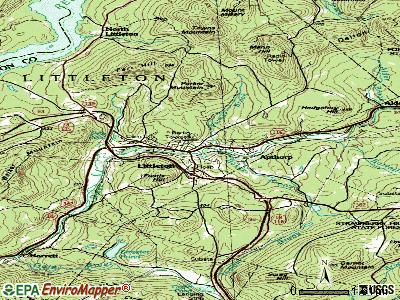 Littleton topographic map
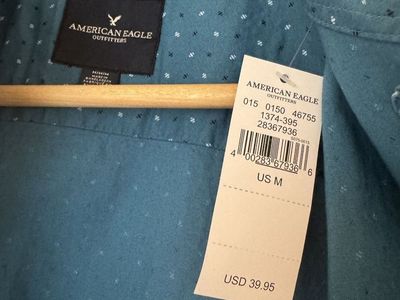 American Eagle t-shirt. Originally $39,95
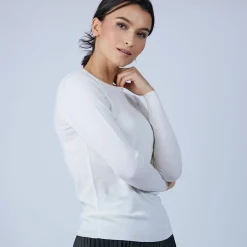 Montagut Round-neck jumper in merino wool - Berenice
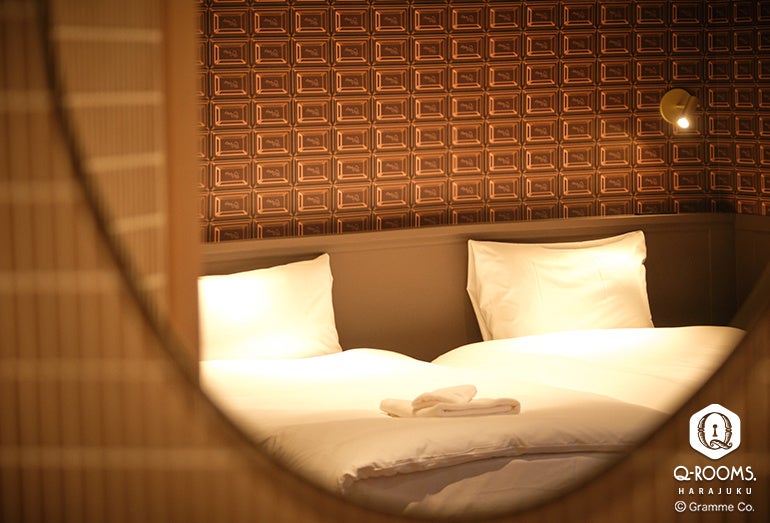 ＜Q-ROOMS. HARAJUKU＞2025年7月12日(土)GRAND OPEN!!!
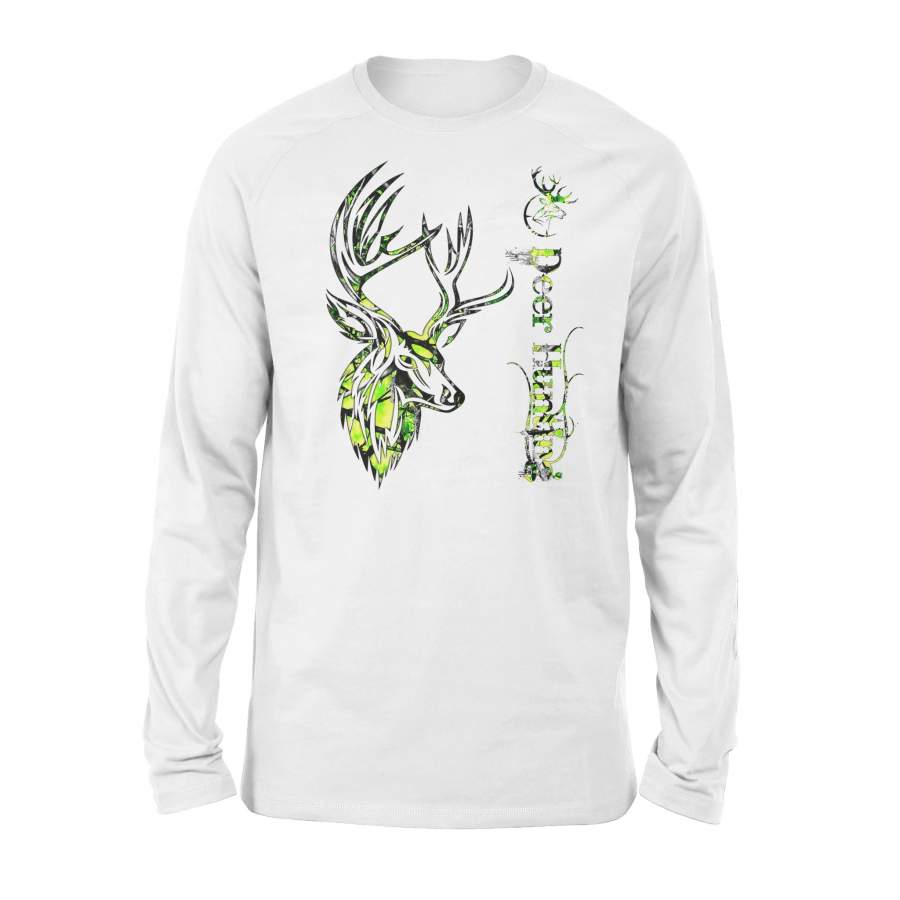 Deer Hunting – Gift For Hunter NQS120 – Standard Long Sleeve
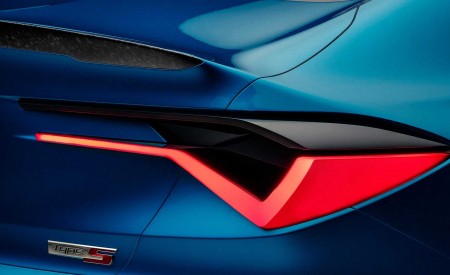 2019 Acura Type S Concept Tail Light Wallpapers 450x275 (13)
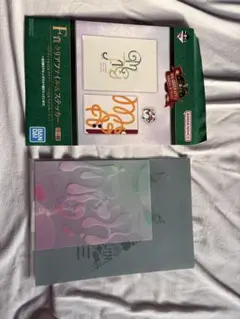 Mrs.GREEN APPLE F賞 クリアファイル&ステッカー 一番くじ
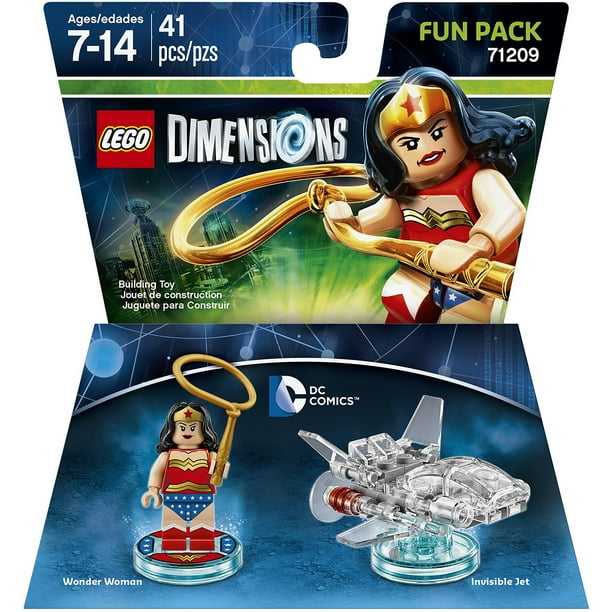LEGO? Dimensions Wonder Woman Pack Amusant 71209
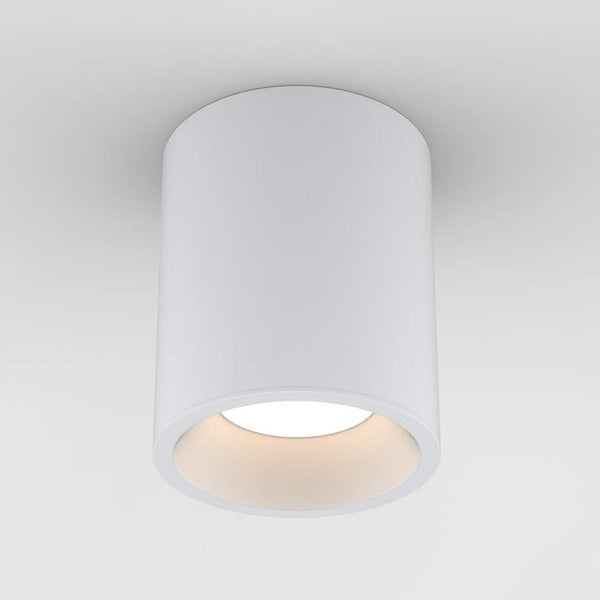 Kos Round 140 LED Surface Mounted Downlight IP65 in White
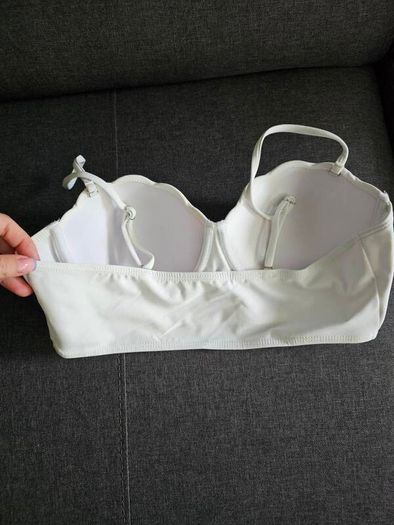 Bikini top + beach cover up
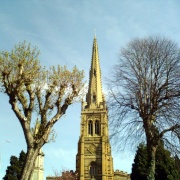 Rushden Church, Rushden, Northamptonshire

==

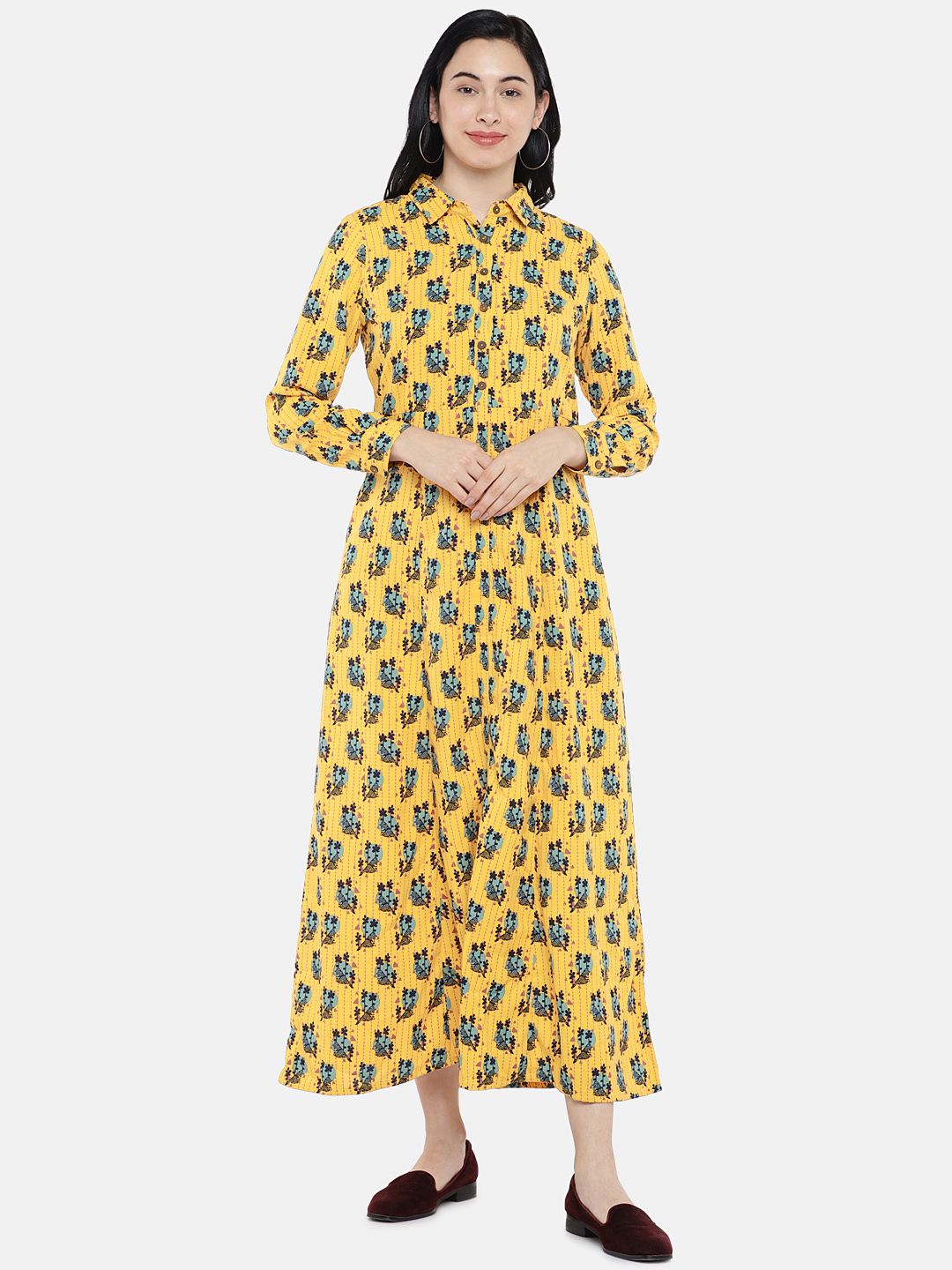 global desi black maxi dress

» Exercise instructions
In the listing above, find the line with "Mrs.GREEN APPLE F賞 クリアファイル&ステッカー 一番くじ" and output every line through the one with "Rushden Church, Rushden, Northamptonshire", exactly, without the pictures.

» Answer for this exercise
 Mrs.GREEN APPLE F賞 クリアファイル&ステッカー 一番くじ
LEGO? Dimensions Wonder Woman Pack Amusant 71209
 Kos Round 140 LED Surface Mounted Downlight IP65 in White
 Bikini top + beach cover up
 Rushden Church, Rushden, Northamptonshire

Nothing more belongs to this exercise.